Numerical Gradient Verification

medium (<1 hr) debugging gradient calculus numerical-stability backpropagation

this year by E

Understanding and correctly implementing backpropagation is crucial in deep learning. A common way to debug backpropagation is using numerical gradient checking. This involves approximating the gradient of a function numerically and comparing it to the analytically derived gradient.

Your task is to implement a function numerical_gradient(f, x, h) that computes the numerical gradient of a function $f$ at point $x$ . The numerical gradient for a single dimension $i$ is approximated by:

\frac{\partial f}{\partial x_{i}} \approx \frac{f (x + h \cdot e_{i}) - f (x - h \cdot e_{i})}{2 h}

where $e_{i}$ is a vector with 1 at position $i$ and 0 elsewhere.
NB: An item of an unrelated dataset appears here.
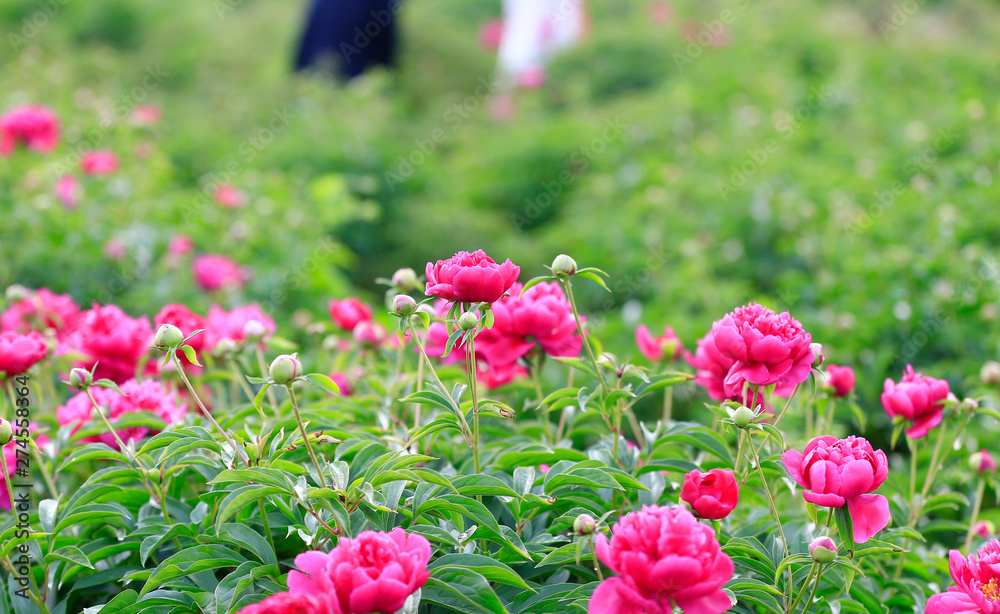 Blooming peony in the garden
Implementation Details: 1. Implement numerical_gradient(f, x, h) which takes: * f: A function that takes a NumPy array x and returns a scalar. * x: A NumPy array (vector) representing the point at which to compute the gradient. * h: A small scalar value (e.g., 1e-4) for the finite difference. 2. The function should return a NumPy array of the same shape as x, containing the numerical gradient.

Verification: 1. Define a simple function, e.g., $f (x) = \sum x^{2}$ . Its analytical gradient is $2 x$ . 2. Implement the analytical gradient function for $f (x) = \sum x^{2}$ . 3. Generate a random NumPy array x. 4. Compute both the numerical gradient and the analytical gradient. 5. Compare the results. The difference between the numerical and analytical gradients should be very small (e.g., less than 1e-9). Use np.linalg.norm(numerical_grad - analytical_grad) to check the difference. 6. Consider testing with a slightly more complex function, like $f (x) = \sin (\sum x_{i})$ .